Re: 2048 CPUs [was: Re: New filesystem for Linux]

From: Mikulas Patocka
Date: Fri Nov 10 2006 - 10:20:56 EST


Hi!

If some rogue threads (and it may not even be intetional) call the same
syscall stressing the one spinlock all the time, other syscalls needing
the same spinlock may stall.

Fortunately, they'll unstall with probability of 1... so no, I do not
think this is real problem.

You can't tell that CPUs behave exactly probabilistically --- it may
happen that one gets out of the wait loop always too late.

Well, I don't need them to be _exactly_ probabilistical.

Anyway, if you have 2048 CPUs... you can perhaps get some non-broken
ones.

No intel document guarantees you that if more CPUs simultaneously execute locked cmpxchg in a loop that a CPU will see compare success in a finite time. In fact, CPUs can't guarantee this at all, because they don't know that they're executing a spinlock --- for them its just an instruction stream like anything else.

Intel only guarantees that cmpxchg (or any other instruction) completes in finite time, but it doesn't say anything about the result of it.

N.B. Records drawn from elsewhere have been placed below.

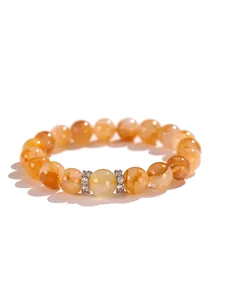 Primer plano detallado de una pulsera de cuarzo amarillo con brillantes espaciadores de plata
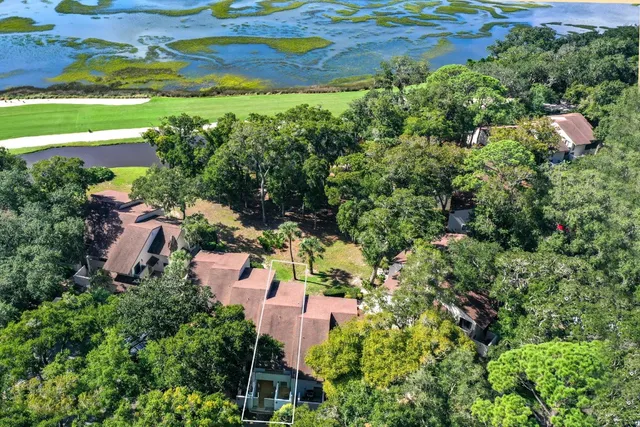 an aerial view of house with yard and mountain view in back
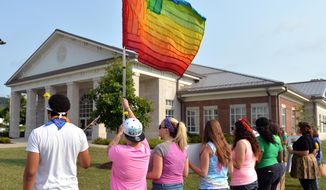 Protesters waive a rainbow flag on the front lawn of the Rowan County Judicial Center, Tuesday, June 30, 2015, in Morehead, Ky. The protest was being held against Rowan County Clerk Kim Davis, who, due to the ruling of the Supreme Court of the United States and her own religious beliefs, has refused to issue any marriage licenses in the county. (AP Photo/Timothy D. Easley)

If someone takes semaphore in syscall (we do), same problem may
happen, right...? Without need for 2048 cpus. Maybe semaphores/mutexes
are fair (or mostly fair) these days, but rwlocks may not be or
something.

Scheduler increases priority of sleeping process, so starving process
should be waken up first. But if there are so many processes, that
process

I do not think this is how Linux scheduler works.
Pavel

<= 2.4 scheduler worked exactly like this. 2.6 has it more complicated, but does similar thing. But you are right that starvation on semaphore can happen, if the process has too high nice value, it will never be risen above other processes.